When I think about Mayall, it’s not his harp work that I think about most. It’s his great singing, his moody, shifting organ playing, the great sound his bands had, and the very personal chord changes he put into his songs. Mayall’s blues are unique, often darkly beautiful and moving. I hear the choruses and guitar licks from "Top of the Hill" and "Roxanne" (Mayall’s version, not Sting’s: “Roxanne will always be my friend, and that’s the way I keep her love”) in my head all the time. "The Supernatural" is one of the greatest ballads I ever heard, and I have tried to emulate Peter Green’s guitar sound and feel on the harmonica on any number of occasions. My own piece “The Longing” from The Act of Being Free in One Act was inspired by “The Supernatural,” long after I first heard it in my mid-teens.

Mayall knew how to pick his players. That’s a talent in itself, one that many otherwise talented players lack. Mayall was consistently able to identify and recruit the best (English) blues talent of his generation. Notwithstanding the extraordinary talent that surrounded him, Mayall’s bands reflect his sensibilities first and foremost. He used his players effectively to advance his own vision, the mark of a real band leader, and he helped his players grow by doing so.
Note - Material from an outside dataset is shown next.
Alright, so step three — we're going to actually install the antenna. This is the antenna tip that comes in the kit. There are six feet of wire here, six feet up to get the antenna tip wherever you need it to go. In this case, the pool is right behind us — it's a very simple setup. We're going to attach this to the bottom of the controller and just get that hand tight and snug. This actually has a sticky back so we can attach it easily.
It’s reasonable to propose that players whose work ends up being heard by lots of people will prove to be influential players. (This is true regardless of whether or not one thinks the work itself is outstanding.) Trent Reznor has stated in interviews that he was heavily influenced in his early years by Kiss, for example. The harmonica solo on the Doobie Brothers’s hit “Slow Train Comin’” has been heard by millions of people, and some of those people tried to play it note-for-note themselves. If "players who have changed harp history” means "players whose records were listened to by lots of other players" then Mayall should definitely be included; "Room to Move" was one of the most-played harmonica records to appear on the radio in the 1960s. Notwithstanding that success, Mayall had the guts to move on. You can hear him admonish a member of the audience who requested “Room to Move” on the live album he made with his Jazz-Blues Fusion band. “Nah, that’s all in the past,” Mayall says, and adds “What did you think, you were going to hear a bunch of old records or something?” Mayall had enough guts to tell you what he was really thinking and feeling in his lyrics, his liner notes (check out “Stone Canyon Blues”), and in every other way.

The term “artist” is drastically overused in our era. The seriousness of his commitment and the quality of his work qualifies Mayall as the real thing. He’s worth hearing more than once.